Movimentos sociais complexos, descentralizados e distribuídos, a exemplo dos Alcoólicos Anônimos (AA), existem em todos os lugares e ajudam as pessoas quando mais precisam. Vamos transformar a educação num movimento social!

Luciano Meira é Ph.D. em educação matemática pela Universidade da Califórnia (Berkeley/EUA, 1991), mestre em psicologia cognitiva e bacharel em pedagogia.
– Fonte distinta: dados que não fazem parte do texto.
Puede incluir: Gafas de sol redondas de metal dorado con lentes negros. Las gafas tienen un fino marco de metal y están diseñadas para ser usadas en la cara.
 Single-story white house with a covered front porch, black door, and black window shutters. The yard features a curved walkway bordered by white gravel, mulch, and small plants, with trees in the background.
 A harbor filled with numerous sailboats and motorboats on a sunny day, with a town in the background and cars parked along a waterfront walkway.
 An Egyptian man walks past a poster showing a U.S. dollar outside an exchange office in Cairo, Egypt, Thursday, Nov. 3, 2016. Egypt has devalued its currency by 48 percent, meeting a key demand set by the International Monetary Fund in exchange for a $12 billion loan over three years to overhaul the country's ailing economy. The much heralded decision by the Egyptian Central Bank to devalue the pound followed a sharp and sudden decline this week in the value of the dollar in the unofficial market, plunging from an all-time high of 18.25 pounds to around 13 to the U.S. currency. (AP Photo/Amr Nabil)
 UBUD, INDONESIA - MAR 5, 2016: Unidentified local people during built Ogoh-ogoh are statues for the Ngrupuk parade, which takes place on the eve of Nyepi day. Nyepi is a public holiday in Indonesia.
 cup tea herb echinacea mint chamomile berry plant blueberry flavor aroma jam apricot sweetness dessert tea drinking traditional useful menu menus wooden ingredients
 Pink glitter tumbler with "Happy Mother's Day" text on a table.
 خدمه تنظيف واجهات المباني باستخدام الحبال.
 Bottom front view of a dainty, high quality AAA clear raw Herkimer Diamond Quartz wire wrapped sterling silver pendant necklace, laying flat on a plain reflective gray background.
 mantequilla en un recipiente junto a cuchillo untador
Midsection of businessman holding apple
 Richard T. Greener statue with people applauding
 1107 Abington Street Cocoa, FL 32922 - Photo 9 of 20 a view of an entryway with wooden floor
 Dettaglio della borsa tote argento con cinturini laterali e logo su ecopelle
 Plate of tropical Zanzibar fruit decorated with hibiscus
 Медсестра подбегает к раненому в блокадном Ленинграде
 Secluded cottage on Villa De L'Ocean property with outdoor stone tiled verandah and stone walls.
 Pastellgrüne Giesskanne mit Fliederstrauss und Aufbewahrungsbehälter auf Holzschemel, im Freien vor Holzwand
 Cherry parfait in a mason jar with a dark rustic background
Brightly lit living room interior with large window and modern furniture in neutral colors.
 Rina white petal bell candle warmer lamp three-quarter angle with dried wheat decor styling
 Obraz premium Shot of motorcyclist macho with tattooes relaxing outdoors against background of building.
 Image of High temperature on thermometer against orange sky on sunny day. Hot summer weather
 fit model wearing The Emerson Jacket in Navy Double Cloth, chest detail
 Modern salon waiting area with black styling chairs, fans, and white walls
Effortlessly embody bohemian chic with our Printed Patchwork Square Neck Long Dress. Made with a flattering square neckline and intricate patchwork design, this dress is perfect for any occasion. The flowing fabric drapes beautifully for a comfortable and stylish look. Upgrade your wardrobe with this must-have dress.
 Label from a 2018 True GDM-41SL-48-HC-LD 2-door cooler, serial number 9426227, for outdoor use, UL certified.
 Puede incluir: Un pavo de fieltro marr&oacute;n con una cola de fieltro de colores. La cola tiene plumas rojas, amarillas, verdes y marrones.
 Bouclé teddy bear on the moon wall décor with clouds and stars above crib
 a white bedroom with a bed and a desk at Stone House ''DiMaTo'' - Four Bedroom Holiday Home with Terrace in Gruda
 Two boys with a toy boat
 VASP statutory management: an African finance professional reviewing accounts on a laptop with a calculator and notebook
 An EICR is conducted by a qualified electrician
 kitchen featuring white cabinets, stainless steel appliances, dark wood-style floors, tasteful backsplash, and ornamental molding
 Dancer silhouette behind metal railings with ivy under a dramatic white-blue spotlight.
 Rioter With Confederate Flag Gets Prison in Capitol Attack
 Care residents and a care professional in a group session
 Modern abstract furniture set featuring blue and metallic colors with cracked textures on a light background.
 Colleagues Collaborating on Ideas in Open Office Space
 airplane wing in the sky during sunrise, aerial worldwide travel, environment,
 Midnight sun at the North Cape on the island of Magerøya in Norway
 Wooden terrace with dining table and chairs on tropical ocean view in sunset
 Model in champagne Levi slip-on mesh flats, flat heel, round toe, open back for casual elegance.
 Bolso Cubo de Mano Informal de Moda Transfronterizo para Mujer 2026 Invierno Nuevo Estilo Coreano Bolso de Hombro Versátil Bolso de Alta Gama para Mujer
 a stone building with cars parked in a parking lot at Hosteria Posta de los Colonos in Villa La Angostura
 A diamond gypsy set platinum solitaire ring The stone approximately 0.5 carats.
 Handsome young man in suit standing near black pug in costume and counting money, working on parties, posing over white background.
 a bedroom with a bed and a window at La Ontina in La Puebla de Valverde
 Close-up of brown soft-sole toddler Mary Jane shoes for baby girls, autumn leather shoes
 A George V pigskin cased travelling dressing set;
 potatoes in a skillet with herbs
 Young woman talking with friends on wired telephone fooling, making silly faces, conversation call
Atua como professor adjunto de psicologia na Universidade Federal de Pernambuco, professor colaborador do Mestrado em Design do CESAR (Centro de Estudos e Sistemas Avançados do Recife), bolsista de Pesquisa em Desenvolvimento Tecnológico e Extensão Inovadora do CNPq e Coordenador de Ciência e Inovação da Joy Street, uma empresa de tecnologias educacionais lúdicas do Porto Digital da qual é sócio-fundador. A partir de 2017, Luciano tornou-se também um Lemann Fellow, através da Stanford University na qualidade de Visiting Scholar no Lemann Center for Educational Entrepreneurship and Innovation in Brazil.